CS451 Distributed Algorithms
 Introduction
 Mathematically robust distributed systems
 Reliable broadcast
 Causal order broadcast
 Shared memory
 Consensus
 Total order broadcast
 Atomic commit
 Leader election
 Terminating reliable broadcast
 Blockchain
⚠ Work in progress
Introduction
 Website
 Course follows the book Introduction to Reliable (and Secure) Distributed Programming
 Final exam is 60%
 Projects in teams of 23 are 40%
 The project is the implementation of a blockchain
 Send team members to matej.pavlovic@epfl.ch
 No midterm
Distributed algorithms are between the application and the channel.
We have a few commonly used abstractions:
 Processes abstract computers
 Channels abstract networks
 Failure detectors abstract time
When defining a problem, there are two important properties that we care about:
 Safety states that nothing bad should happen
 Liveness states that something good should happen
Safety is trivially implemented by doing nothing, so we also need liveness to make sure that the correct things actually happen.
Links
Two nodes can communicate through a link by passing messages. However, this message passing can be faulty: it can drop messages or repeat them. How can we ensure correct and reliable message passing under such conditions?
A link has two basic types of events:
 Send
 Deliver
Fair loss link (FLL)
A fair loss link is a link that may lose or repeat some packets. This is the weakest type of link we can assume. In practice, it corresponds to UDP.
Deliver can be thought of as a reception event on the receiver end. The terminology used here (“deliver”) implies that the link delivers to the client, but this can equally be thought of as the client receiving from the link.
For a link to be considered a fairloss link, we must respect the following three properties:
 Fair loss: if the sender sends infinitely many times, the receiver must deliver infinitely many times. This does not guarantee that all messages get through, but at least ensures that some messages get through.
 No creation: every delivery must be the result of a send; no message must be created out of the blue.
 Finite duplication: a message can only be repeated by the link a finite number of times.
Stubborn link
A stubborn link is one that stubbornly delivers messages; that is, it ensures that the message is received, with no regard to performance.
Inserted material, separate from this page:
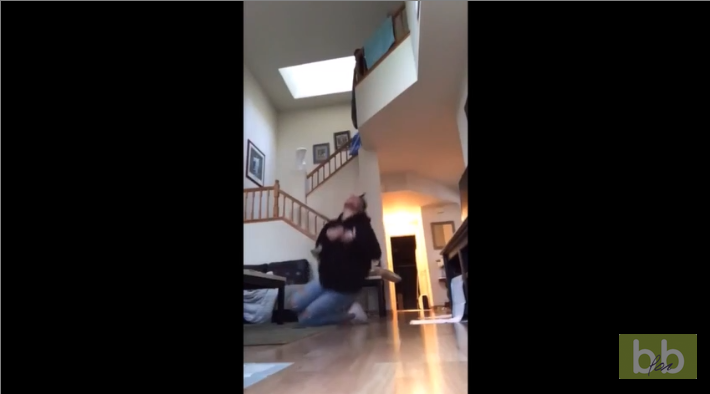 Il simule un malaise devant son chien, regardez la réaction de l&rsquo;animal…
A stubborn link can be implemented with a FLL as follows:
upon send(m):
while true:
FLL.send(m)
upon FLL.deliver(m):
trigger deliver(m)
The above uses generic pseudocode, but the syntax we’ll use in this course is as follows:
Implements: SubbornLinks (sp2p)
Uses: FairLossLinks (flp2p)
upon event <sp2pSend, dest, m> do
while (true) do
trigger <flp2p, dest, m>;
upon event <flp2pDeliver, src, m> do
trigger <sp2pDeliver, src, m>;
Note that this piece of code is meant to sit between two abstraction levels; it is between the channel and the application. As such, it receives sends from the application and forwards them to the link, and receives delivers from the link and forwards them to the application.
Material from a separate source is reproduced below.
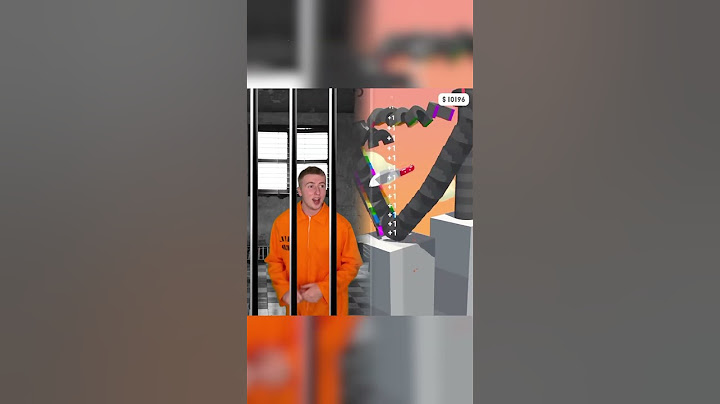 New Prisoner Tells A Joke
It must respect the interface of the underlying FLL, and as such, only specifies send and receive hooks.
Perfect link
Here again, we respect the send/deliver interface. The properties are:
 Validity or reliable delivery: if both peers are correct, then every message sent is eventually delivered
 No duplication
 No creation
This is the type of link that we usually use: TCP is a perfect link, although it also has more guarantees (notably on message ordering, which this definition of a perfect link does not have). TCP keeps retransmitting a message stubbornly, until it gets an acknowledgement, which means that it can stop transmitting. Acknowledgements aren’t actually needed in theory, it would still work without them, but we would also completely flood the network, so acknowledgements are a practical consideration for performance; just note that the theorists don’t care about them.
Implements: PerfectLinks (pp2p)
Uses: StubbornLinks (sp2p)
upon event <Init> do delivered := Ø;
upon event <pp2pSend, dest, m> do
trigger <sp2pSend, dest, m>;
upon event <sp2pDeliver, src, m> do
if m not in delivered then
trigger <pp2pDeliver, src, m>;
add m to delivered;
Impossibility of consensus
Suppose we’d like to compute prime numbers on a distributed system. Let P be the producer of prime numbers. Whenever it finds one, it notifies two servers, S1 and S2 about it. A client C may request the full list of known prime numbers from either server.
As in any distributed system, we want the servers to behave as a single (abstract) machine.
Solvable atomicity problem
P finds 1013 as a new prime number, and sends it to S1, which receives it immediately, and S2, which receives it after a long delay. In the meantime, before both servers have received the update, we have an atomicity problem: one server has a different list from the other. In this time window, C will get different results from S1 (which has numbers up to 1013) and S2 (which only has numbers up to 1009, which is the previous prime).
A simple way to solve this is to have C send the new number (1013) to the other servers; if it requested from S1 it’ll send the update to S2 as a kind of write back, to make sure that S2 also has it for the next request. We haven’t strictly defined the problem or its requirements, but this may need to assume a link that guarantees delivery and order (i.e. TCP, not UDP).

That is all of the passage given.